Support Questions
Find answers, ask questions, and share your expertise
Announcements
Alert: Welcome to the Unified Cloudera Community. Former HCC members be sure to read and learn how to activate your account here. Want to know more about what has changed? Check out the Community News blog.

Is there a way toanalyze small files(Less than block size) periodically in hdfs? can we automate it?

Is there a way toanalyze small files(Less than block size) periodically in hdfs? can we automate it?

Explorer

Hi Team,

 

Is there a way to analyze small files and paths on HDFS? is there a way to know ,which user ID has most number of small files?

 

Thanks in advance.

3 REPLIES 3

Re: Is there a way toanalyze small files(Less than block size) periodically in hdfs? can we automate

Master Guru
There are a few options,

You can grab the fsimage periodically with the 'hdfs dfsadmin -fetchImage' command and analyze its delimited or XML outputs via the 'hdfs oiv' tool. The metadata will carry file lengths and ownership information that can help you aggregate it into a report with your record processing software of choice.

Cloudera Enterprise Reports Manager carries summary reports of watched directories: https://www.cloudera.com/documentation/enterprise/latest/topics/cm_dg_reports.html

Cloudera Enterprise Navigator carries HDFS analytics that help show how your HDFS is being used: https://www.cloudera.com/documentation/enterprise/latest/topics/navigator_dashboard.html#concept_cnv...

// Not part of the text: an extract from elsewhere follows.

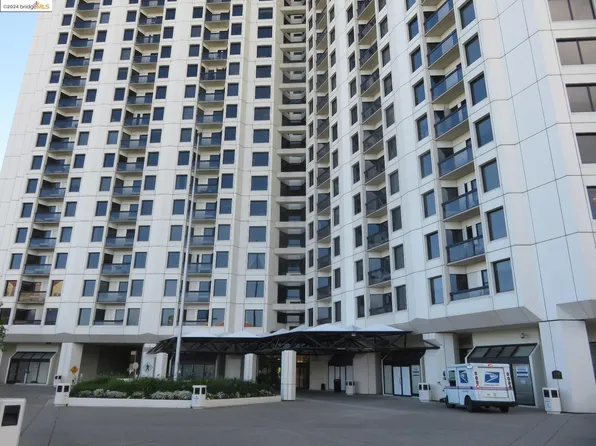 6363 Christie Ave APT 1221, Emeryville, CA 94608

Cloudera Enterprise Workload eXperience Manager (WXM) includes a small files reporting feature: https://www.cloudera.com/documentation/wxm/latest/topics/wxm_file_size_reporting.html

Re: Is there a way toanalyze small files(Less than block size) periodically in hdfs? can we automate

Explorer

Hi Harsh,

 

Thanks for your information and links. can i have more details on hdfs oiv tool? how to setup and configure to analyze small files? is there any cdh doucument on this?

 

Thanks.

Re: Is there a way toanalyze small files(Less than block size) periodically in hdfs? can we automate

Master Guru
The OIV tool is documented at
https://hadoop.apache.org/docs/current/hadoop-project-dist/hadoop-hdfs/HdfsImageViewer.html
and
includes some examples. Try its Delimiter related options on a copy of your
HDFS fsimage file and checkout the result.